Kristal Gazinosu'nda yeni yıla giriyoruz. 1950'lerden bir yıl. İlkokuldayım. İlk defa yılbaşı balosuna götürülüyorum. Kristal, gece hayatının en ünlü gazinosu. Geniş cephesiyle Taksim Meydanı'na bakıyor. O yıllar olmayan AKM'nin yerindeki Taksim Karakolunun tam karşısında. Arada anıt var. Meydanın ve anıtın gerçek adı "Cumhuriyet Meydanı" ve "Cumhuriyet Anıtı"dır, unutuldu.
Tramvaylar, meydanı dönerek Harbiye veya Aksaray yönlerine dağılıyor. Kırmızı, yeşil vagonlarıyla... The Marmara Oteli yok, Tarlabaşı yıkılmamış. Sıraselviler'in girişinde Halkevi var. Beyoğlu ise ancak kitapla anlatılır.
İstanbul tarihini koruyor. Antik kentin yıkımı başlamamış. Gecekondular yok, Barbaros Bulvarı, Vatan, Millet Caddeleri, Sirkeci- Bakırköy sahil yolu, hele hele Boğaz Kazıklı yolu yollar yok, dalgalar surları okşuyor.
Boğaz 'daki yalılar yakılmamış, sırtlar yemyeşil koruluk: İleride yok edilecek veya kirletilecek onlarca temiz dere denize akıyor.
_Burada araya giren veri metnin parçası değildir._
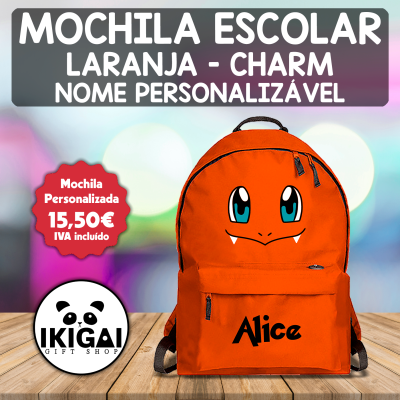 Mochila Escolar Laranja - Charm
Çengelköy'ün bademi, Yedikule'nin marulu, Arnavutköy'ün çileği, Langa'nın hıyarı ünlü... Surların çevresi, Boğaz'ın arkaları İstanbul'a "yerli sebze" veren bostanlarla dolu. Sonradan Etiler, Ulus denilen sırtlar mis kokan Osmanlı Çileğini yetiştiriyor. Bugün hatırlanmayan Şehzadebaşı'nda 5 sinema var. Eski İstanbul'un ünlü Direklerarası Tiyatroları sinemaya dönüşmüş. Laleli, Aksaray, Beyazıt, Çemberlitaş, Fatih, nezih aile semtleri. Bu bölgede 5 tiyatro salonu daima doluyor.
Kadıköy yakasında muhteşem konaklar... Salih Sait beylerin Erenköy'deki konağını ve içinde atla dolaştığımız palmiyeli bahçeyi unutamıyorum. Beşiktaş'taki evimizin bahçesindeki kocaman havuzu... Meyva ağaçlarıyla dolu, futbol sahası büyüklüğündeki bahçesiyle anneannemin Vefa'daki, Samatya'daki konakları... Beşiktaş'tan Ihlamur'a, Nişantaşı'na, Teşvikiye'ye kadar uzanan boş alanlardaki birbirinden uzak konaklar...
Yılbaşı gecesine dönelim. Sahnedeki teyzeye bayılıyorum. Şalvar giymiş, komik bir şarkı söylüyor. "Zehra Bilir"miş adı... Sonra, lacivert elbiseli bir amca şarkı söylemeye başladı. Uyumuşum.
O yıllar; Ayhan Işık artist olmaya çalışır, Zeki Müren'i kimse tanımazmış, Ahmet Üstün sahnelerin kralıymış. NATO'ya alınmıyoruz, depremler oluyor, Galata'da yanan gemideki 61 yolcu ölüyor. Ve bir yıl daha ölüyor.